Below are records with pictures; copy word for word only the lines between the line with "HD Brows Comfort" and the line with "Levi's Sweatshirt (view 2)", inclusive, and drop the pictures.

§ **Records supplied**:
--------------------------------------------------

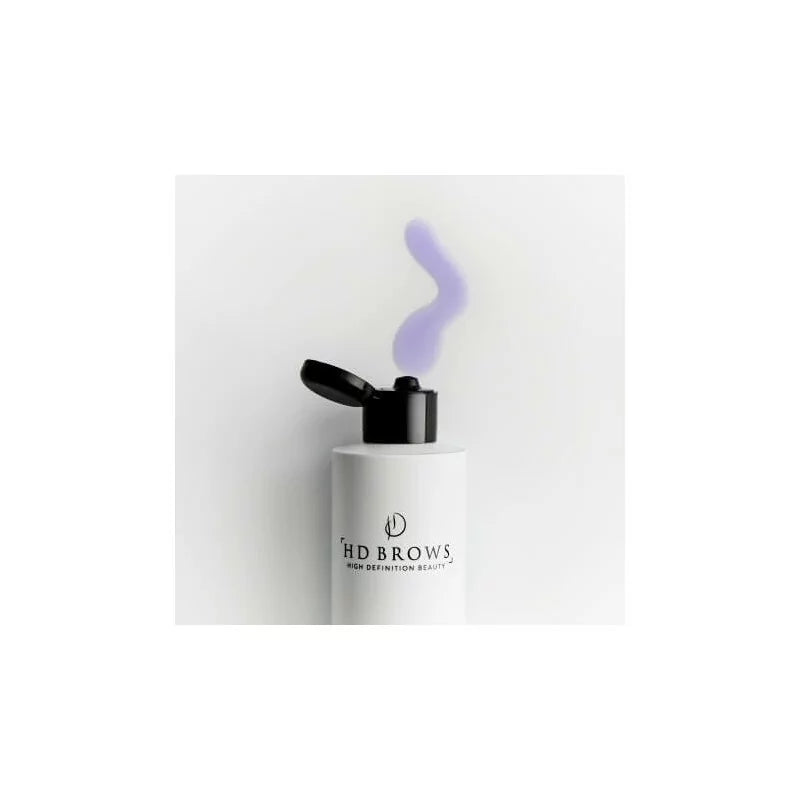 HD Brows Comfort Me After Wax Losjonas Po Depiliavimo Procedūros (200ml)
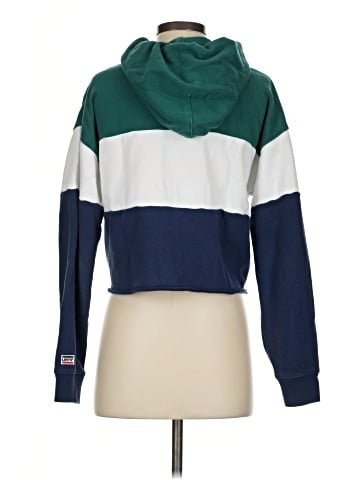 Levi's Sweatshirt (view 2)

--------------------------------------------------

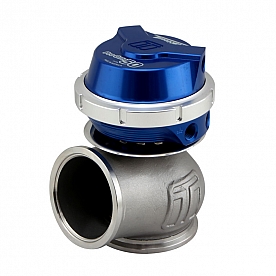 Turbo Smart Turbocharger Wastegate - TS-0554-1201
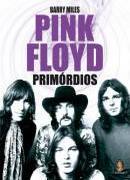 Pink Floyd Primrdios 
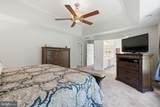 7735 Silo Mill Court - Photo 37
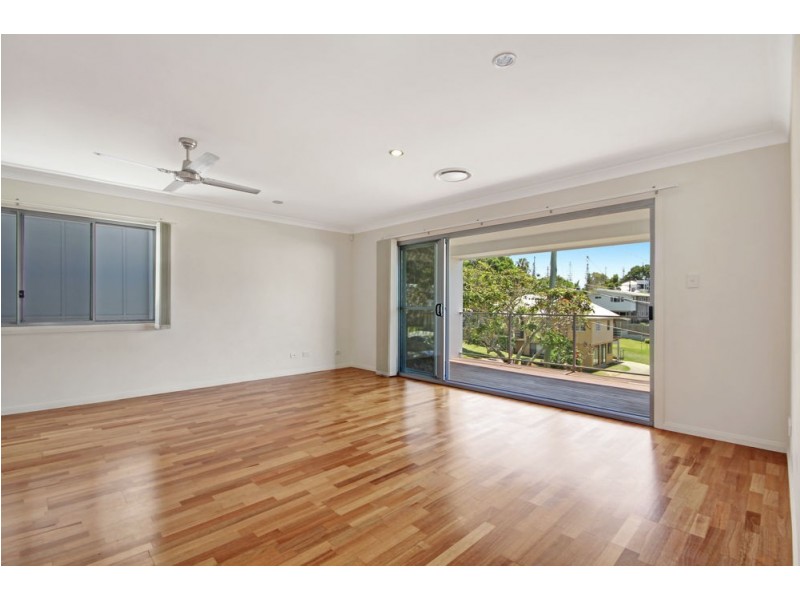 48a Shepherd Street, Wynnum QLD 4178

--------------------------------------------------

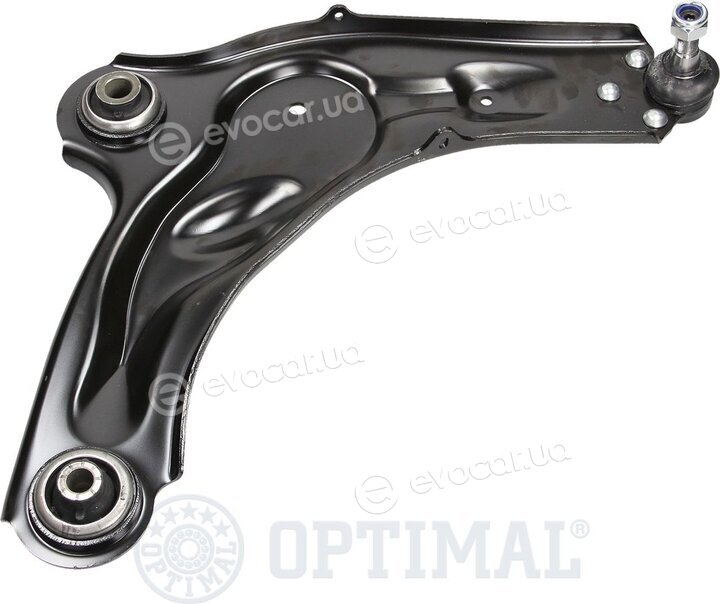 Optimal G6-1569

--------------------------------------------------

§ **Reply**:
 HD Brows Comfort Me After Wax Losjonas Po Depiliavimo Procedūros (200ml)
 Levi's Sweatshirt (view 2)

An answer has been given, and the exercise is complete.